Data flow diagram for using your own data

As depicted in the diagram above, managed customers may apply to modify abuse monitoring.

Creating a customized (fine-tuned) model with your data:

Customers can upload their training data to the service to fine tune a model. Uploaded training data is stored in the Azure OpenAI resource in the customer’s Azure tenant. Training data and fine-tuned models:

  • Are available exclusively for use by the customer.
  • Are stored within the same region as the Azure OpenAI resource.
  • Can be double encrypted at rest (by default with Microsoft’s AES-256 encryption and optionally with a customer managed key).
  • Can be deleted by the customer at any time.

Training data uploaded for fine-tuning is not used to train, retrain, or improve any Microsoft or 3rd party base models.

Preventing abuse and harmful content generation

To reduce the risk of harmful use of the Azure OpenAI Service, the Azure OpenAI Service includes both content filtering and abuse monitoring features. To learn more about content filtering, see Azure OpenAI Service content filtering. To learn more about abuse monitoring, see abuse monitoring.

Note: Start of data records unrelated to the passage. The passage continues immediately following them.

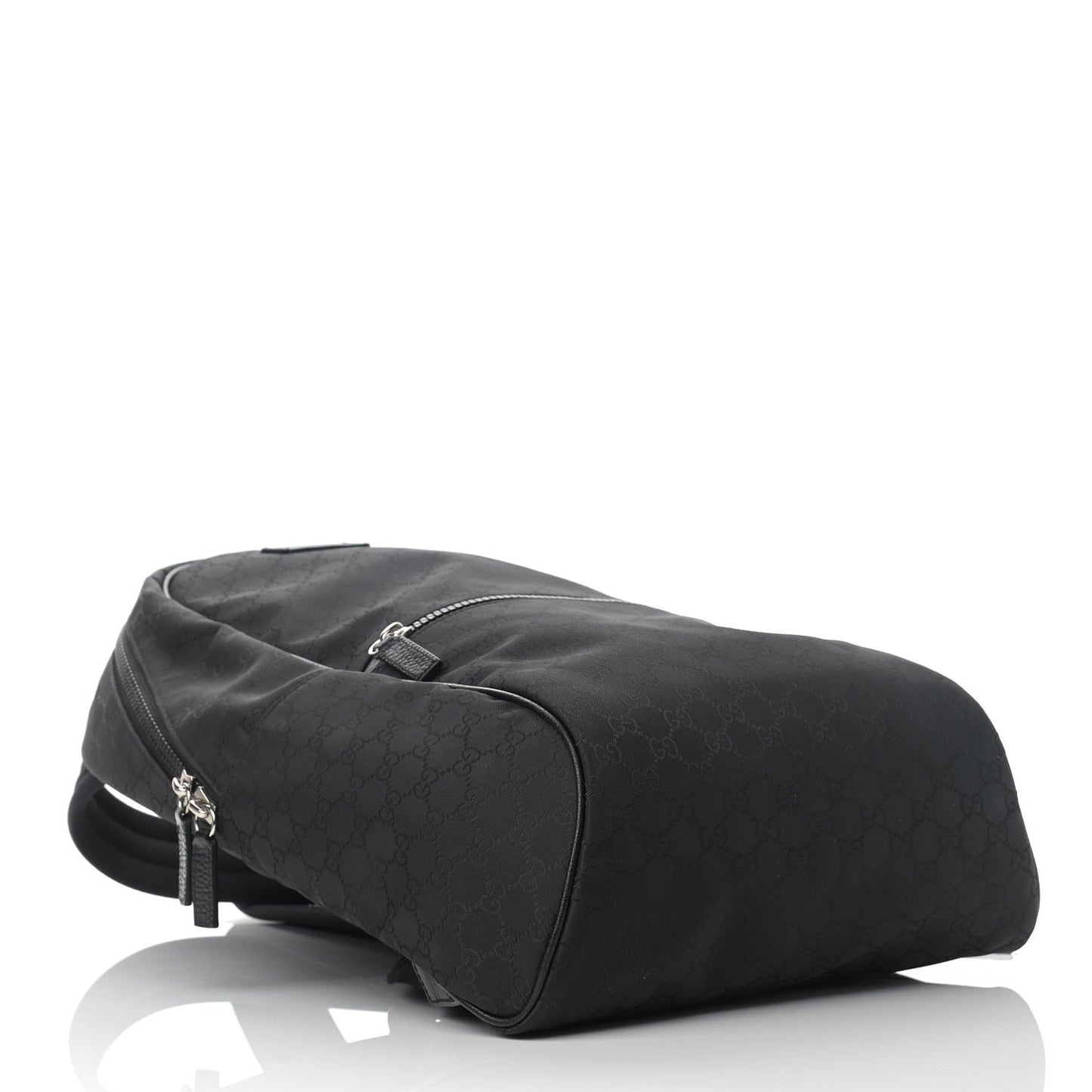 Nylon Monogram Slim Backpack Black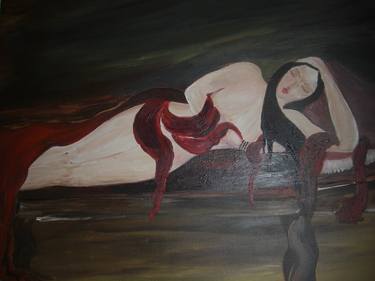 Original Realism Nude Painting by Melania Tarricone
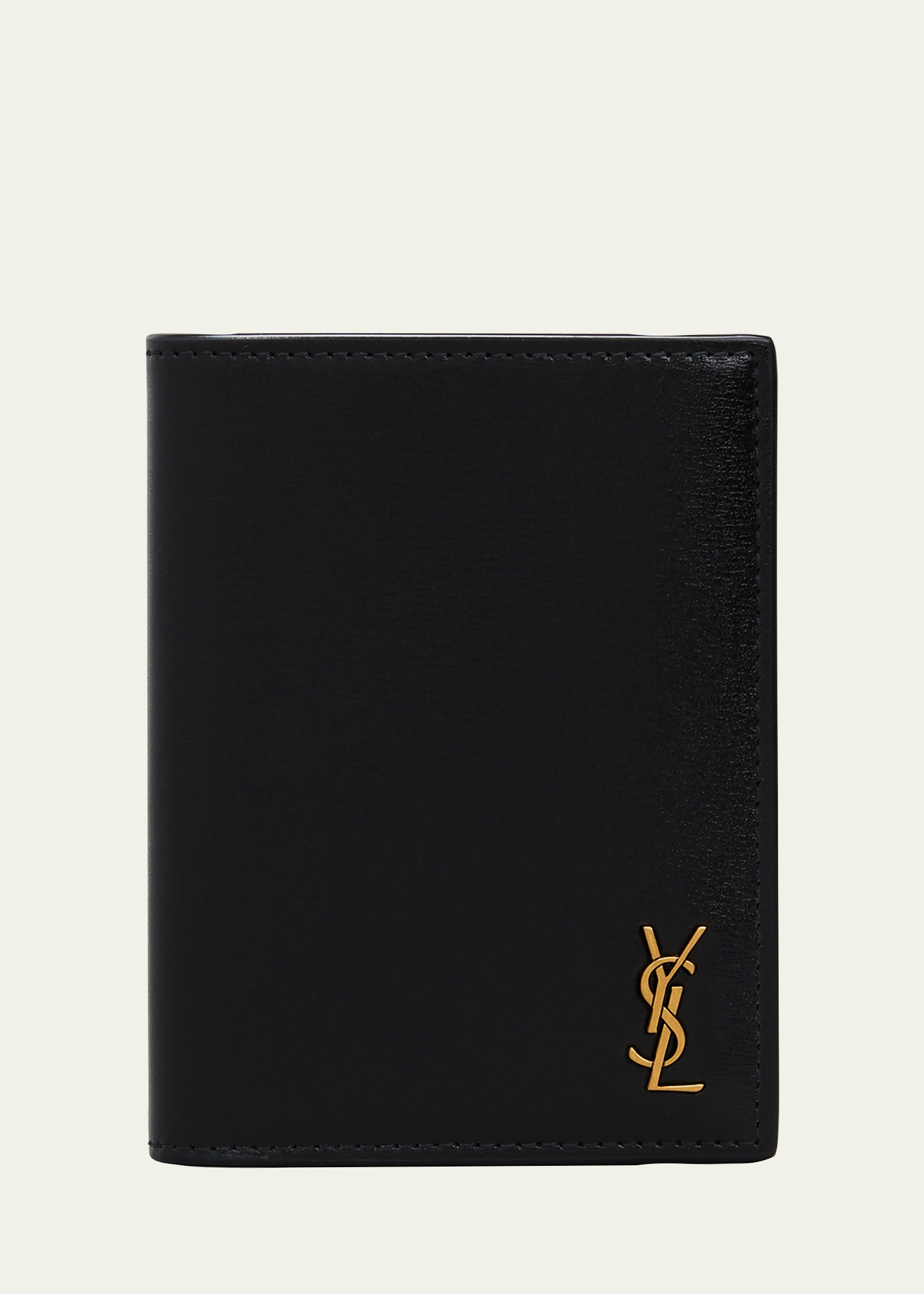 Saint Laurent Men's YSL Leather Wallet | Bergdorf Goodman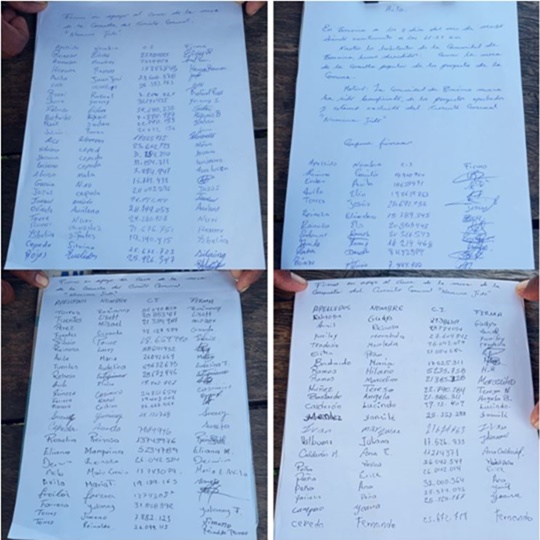 Firmas de Curiapo Delta Amacuro 9 3 2026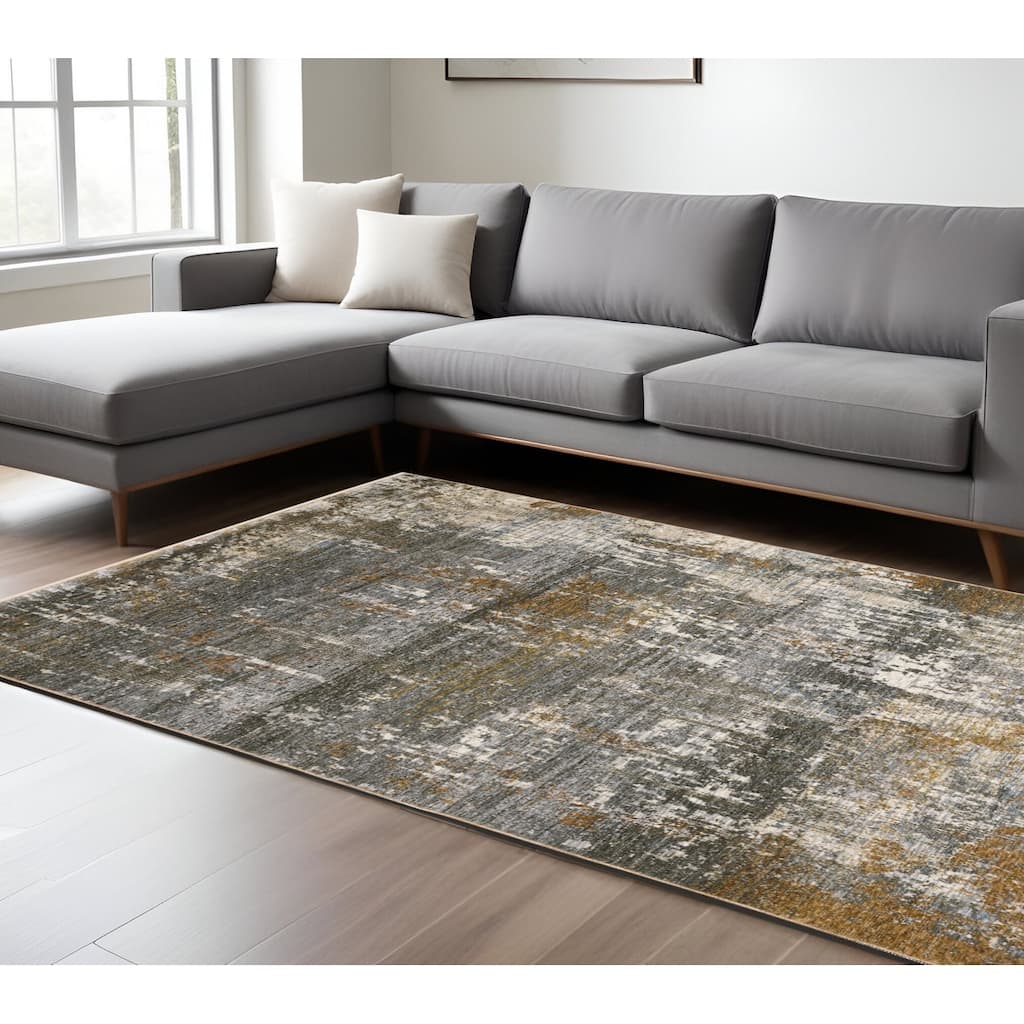 HomeRootsAbstract Modern Rectangle Area Rug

Content filtering occurs synchronously as the service processes prompts to generate content as described above and here. No prompts or generated results are stored in the content classifier models, and prompts and results are not used to train, retrain, or improve the classifier models.

Azure OpenAI abuse monitoring detects and mitigates instances of recurring content and/or behaviors that suggest use of the service in a manner that may violate the code of conduct or other applicable product terms. To detect and mitigate abuse, Azure OpenAI stores all prompts and generated content securely for up to thirty (30) days. (No prompts or completions are stored if the customer is approved for and elects to configure abuse monitoring off, as described below.)

The data store where prompts and completions are stored is logically separated by customer resource (each request includes the resource ID of the customer’s Azure OpenAI resource). A separate data store is located in each region in which the Azure OpenAI Service is available, and a customer’s prompts and generated content are stored in the Azure region where the customer’s Azure OpenAI service resource is deployed, within the Azure OpenAI service boundary. Human reviewers assessing potential abuse can access prompts and completions data only when that data has been flagged by the abuse monitoring system. The human reviewers are authorized Microsoft employees who access the data via point wise queries using request IDs, Secure Access Workstations (SAWs), and Just-In-Time (JIT) request approval granted by team managers. For Azure OpenAI Service deployed in the European Economic Area, the authorized Microsoft employees are located in the European Economic Area.